Clinics, experts share Food is Medicine updates, successes, challenges
Less than a year after hosting its first Food is Medicine Learning Collaborative, where it joined a group of Kansas health clinics in launching a program focused on the critical role nutrition plays in preventing, treating and managing chronic disease, Sunflower Foundation recently brought its program partners, experts in the field and key stakeholders together for yet another opportunity to learn about how dietary intervention can improve patients’ health outcomes.
The second Food is Medicine Learning Collaborative, held in late March at the Sunflower Nonprofit Center, once again brought the six Federally Qualified Health Clinics (FQHCs) in Kansas that are participating in the FIM program together with the state’s food banks and experts in the FIM movement for an opportunity share and learn from one another as the clinics continue to navigate the early stages of implementing the program.

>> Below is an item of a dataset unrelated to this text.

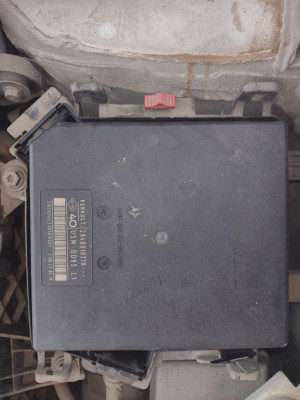 CAJA RELES / FUSIBLES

Heartland Community Health Center in Lawrence, Genesis Family Health in Dodge City, Community Health Center of Southeast Kansas in Pittsburg, Hoxie Medical Clinic in Hoxie, Health Ministries Clinic in Newton and HealthCore Clinic in Wichita shared updates on their successes and challenges during the Food is Medicine implementation process. Clinic partners also spoke about how providers, staff and patients have received and engaged with the program, and how the clinics are working closely with Kansas Food Bank and Harvesters – The Community Food Network and other local and regional sources to procure additional food supplies.
Each clinic is targeting patients living with diabetes, providing healthy food options, such as medically tailored groceries, as well as wrap-around support services, such as SNAP-Ed cooking classes and other dietary education.
Sunflower’s FIM evaluation team – Kristina Bridges, PhD, from the University of Kansas Medical Center; Marianna Wetherill, PhD, MPH, RDN, of the University of Oklahoma Health Sciences Center; Susan Harvey, PhD, University of Kansas – also was on hand to provide an update on early implementation and efforts to collect data for evaluation of the FIM program.
In addition to hearing from the health clinics and evaluation team, several national experts on Food is Medicine gave keynote presentations.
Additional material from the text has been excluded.